30) I believe that this sheds light on several of John Calvin's comments, which seem to suggest an ambivalence regarding the role of evidences vis-a-vis Christian belief. Although he speaks of belief in Scripture as the Word of God not being based upon reasons or arguments, he also speaks positively about Scripture being reliable and so on and presents arguments to this end. The latter proposition, though, is what I have been calling a higher-level proposition, so it is no contradiction to allow rational belief without evidence on the lower level but also maintain rational beliefs on the higher-level require (or at least have) evidence.

31) Note here that P* must be "based upon adequate reasons," but we need not think that the support mode requires a conscious inference of some sort. We must allow that grounds (reasons) for mediate justification can be possessed implicitly--though justifying P* would, of course, involve a justificatory argument exhibiting the inferential relations between P* and its supporting reasons in an explicit fashion. That would be the situation in apologetics.

32) In another paper, "Alstonian Evidentialism and Reformed Epistemology," I devote my attention wholly to the complex epistemological thesis envisaged here. There I argue: (1) Alston's multi-level foundationalism is compatible with Reformed epistemology (even in its strongest form), and (2) the form of evidentialism entailed by Alston's epistemology satisfies the cognitive desiderata which has inspired traditional evidentialism--internalism and reflective rationality, and therefore (3) Reformed epistemology is compatible with a strong form of evidentialism.

33) As a technical point, the sense in which Pt* is a reason for Pt, or the sense in which justifying Pt* provides a justification for Pt, is not truth-conducive. Justifying Pt*, though, does give us reasons for regarding Pt as truth-conducively justified. The rationale for deviating from truth-conducive justification at this point stems from the nature of apologetics. In apologetics some arguments can be useful even if they do not render their conclusions more probable than not, for it is possible to conjoin such arguments with others in the attempt to present a cumulative case which does bring a particular conclusion to the level of rational acceptability, to the level of being more probable than not.

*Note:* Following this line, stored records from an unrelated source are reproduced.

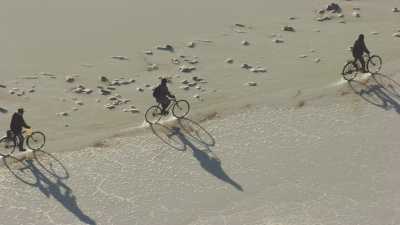 Salt gatherers riding bicycles on the salar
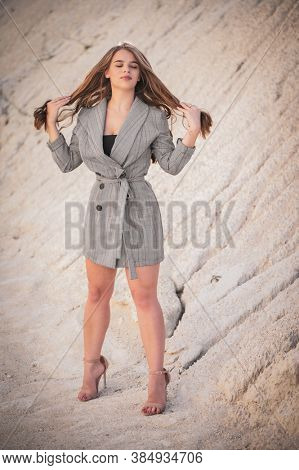 Full body sensual portrait of young pretty lady holding her hair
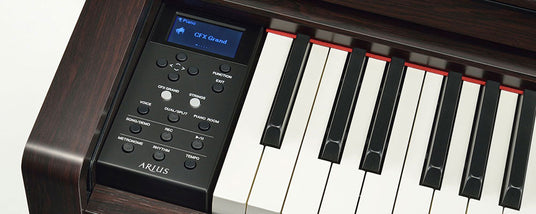 Close-up of a digital piano control panel and part of the keyboard, displaying various function buttons and the screen showing "CFX Grand" on an electronic interface, with the brand name "ARIUS" visible at the bottom.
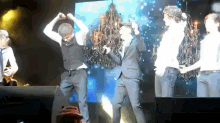 a group of men in suits are dancing on a stage in front of a chandelier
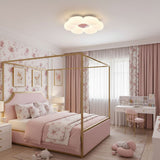Flower ceiling light above a pink canopy bed in a child bedroom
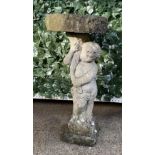 A RECONSTITUTED STONE BIRD BATH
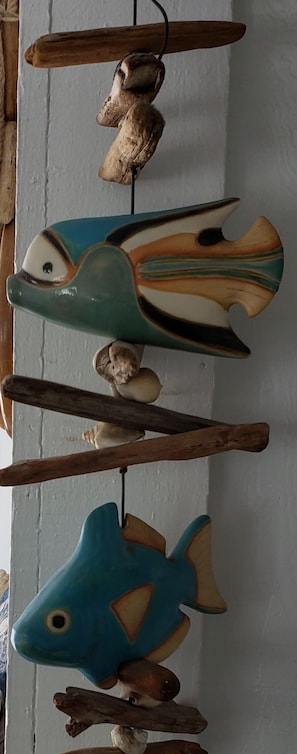 Decorative fish sculptures adorn the wall, arranged in a visually appealing display.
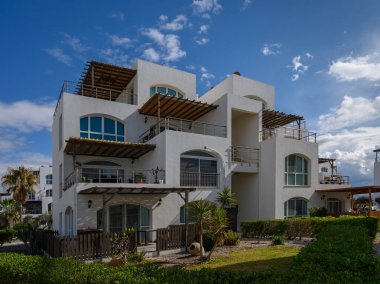 Güzel bir sahil villası, açık mavi gökyüzünün altında canlı yeşilliklerle çevrili modern mimariyi sergiliyor..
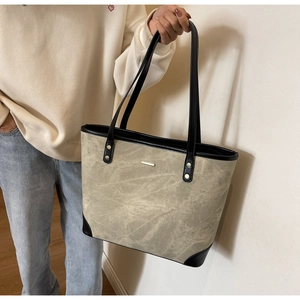 Detail of canvas tote bag with black leather trim, metal rivets and gold hardware accent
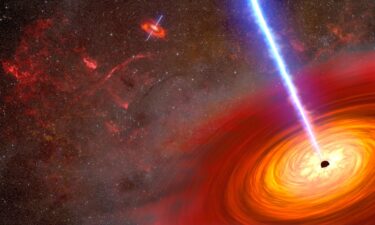 An artist's concept illustrates a pair of merging black holes.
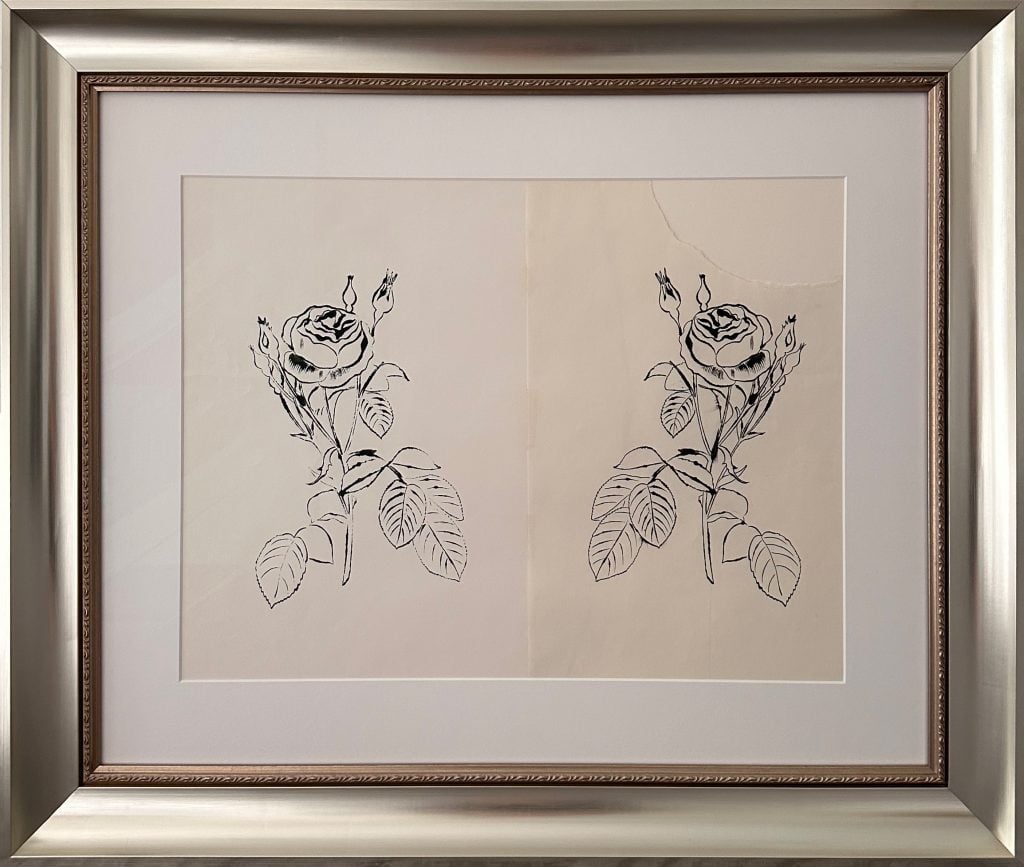 Framed artwork featuring two mirrored black ink drawings of a single rose stem with leaves and buds, executed in Andy Warhol's signature "blotted line" technique. The delicate lines and slight asymmetries reflect the print-transfer process used to duplicate the image. Displayed side by side on cream paper within a wide white mat and silver-toned frame.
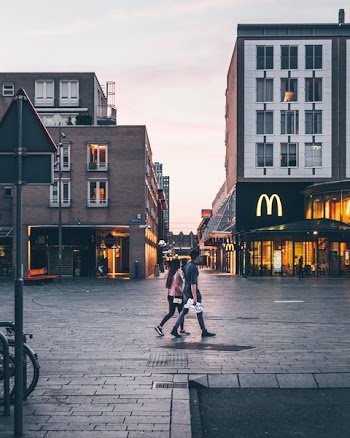 Man and Woman Walking on the Road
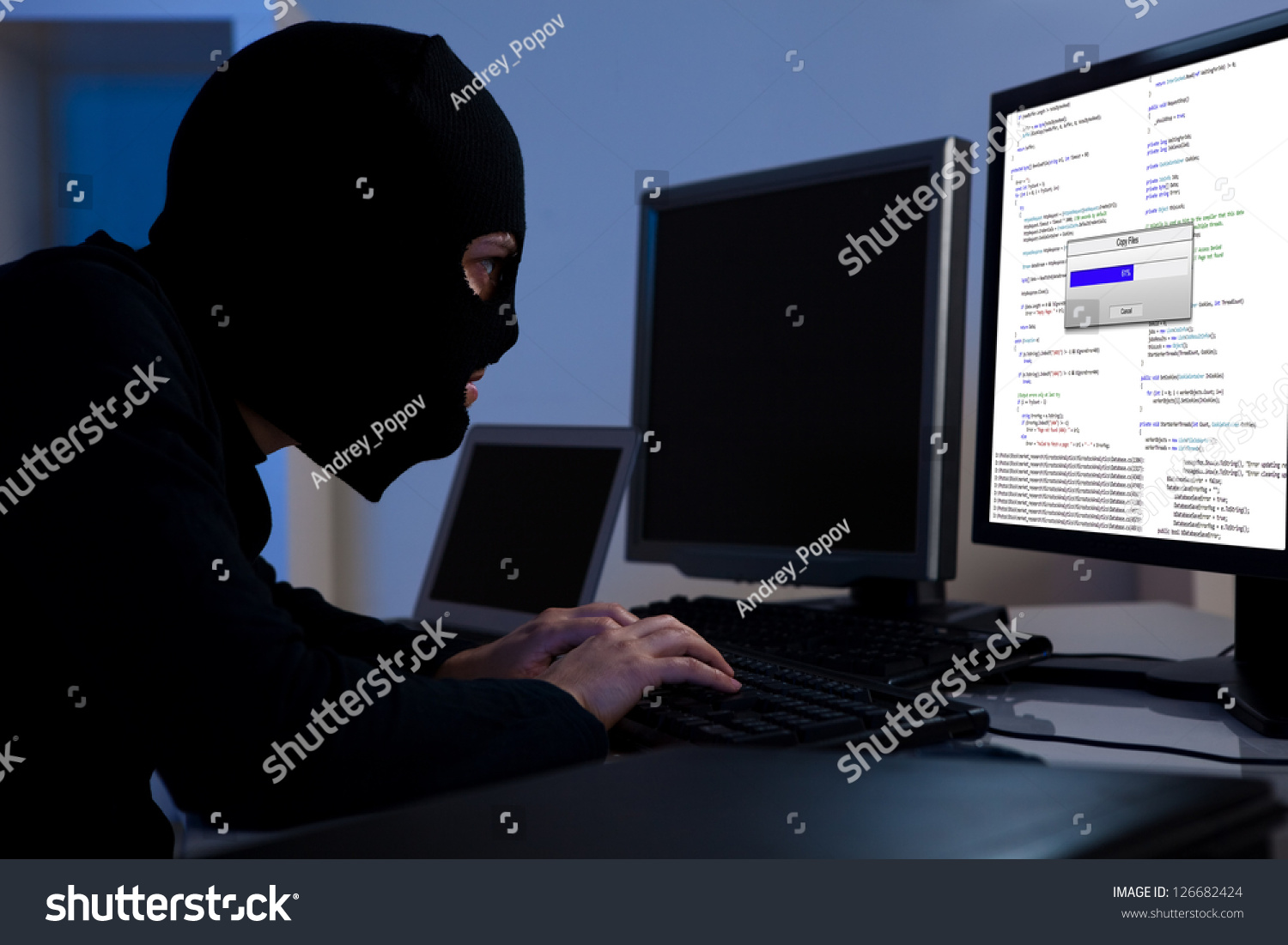 Masked hacker wearing a balaclava sitting at a desk downloading private information off a computer #126682424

Higher-level positive apologetics, properly construed and effectively employed, will be part of a cumulative case apologetic.

34) Although in higher-level apologetics the justifying of the nonepistemic belief that Pt is mediated by the justifying of the epistemic belief that Pt*, the justifying of Pt* will, in turn, depend upon the justifying of nonepistemic beliefs b1,. . .,bn, for what the justification of Pt* depends upon are beliefs as to what in fact is the case (whether Pt possesses some property Q) and beliefs as to what principles of evaluation are valid (whether possessing Q actually confers justifictaion on Pt), not beliefs about some person's epistemic relation to these elements. Accordingly, (1) the belief that Pt* (Pt is immediately justified) is adduced as a reason for (2) the belief that Pt. But something like the belief that (A) Pt possesses a property Q and (B) possessing Q renders Pt justified are reasons for Pt*. In this way, epistemic beliefs rest on nonepistemic foundations. See Alston, "Two Types of Foundationalism" in Alston, Epistemic Justification, p. 29.

I would like to thank Richard Swinburne, William Alston, Alister McGrath, Sarah Coakley, and Philip Quinn for commenting on earlier drafts of this paper. Their critique and comment proved essential to substantial improvements on the paper.